**Given data:**
=====
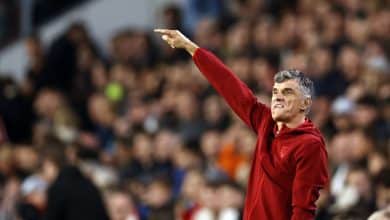 Mendilibar escreveu uma bela hist&oacute;ria no Sevilla, mas o trabalho ruiu rapidamente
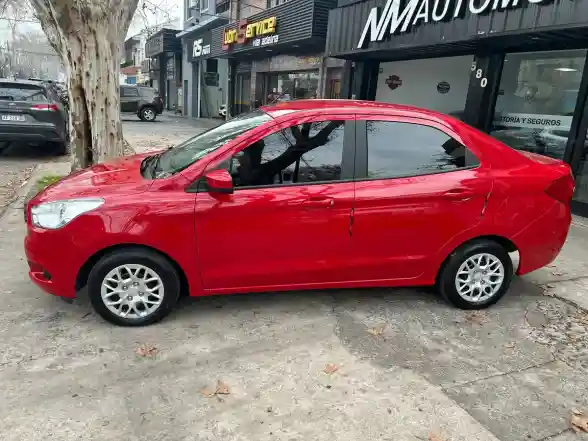 Ford Ka+ 1.5 S 2018 - foto 5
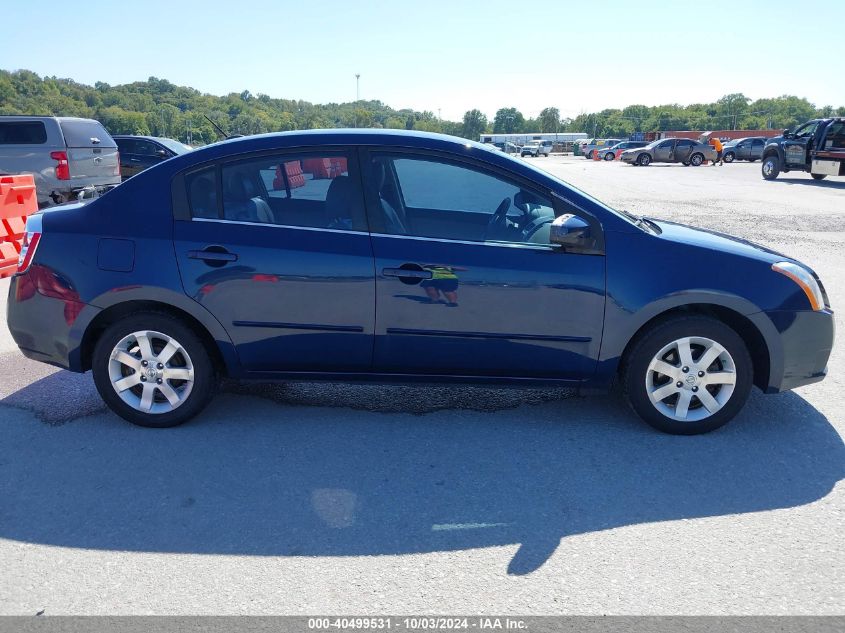 3N1AB61E38L623416 2008 Nissan Sentra 2.0Sl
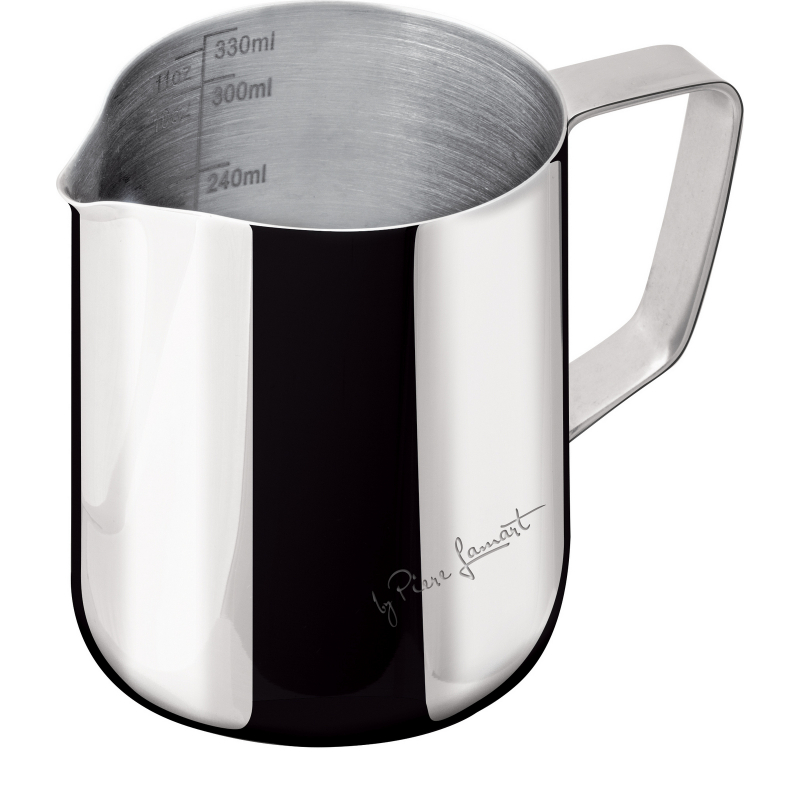 Konvička na mléko Lamart KAFFE 350ml, LT7083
=====
**What is required:**
Leaving out the pictures, restate the listing above exactly.

**Exercise answer:**
 Mendilibar escreveu uma bela hist&oacute;ria no Sevilla, mas o trabalho ruiu rapidamente
 Ford Ka+ 1.5 S 2018 - foto 5
 3N1AB61E38L623416 2008 Nissan Sentra 2.0Sl
 Konvička na mléko Lamart KAFFE 350ml, LT7083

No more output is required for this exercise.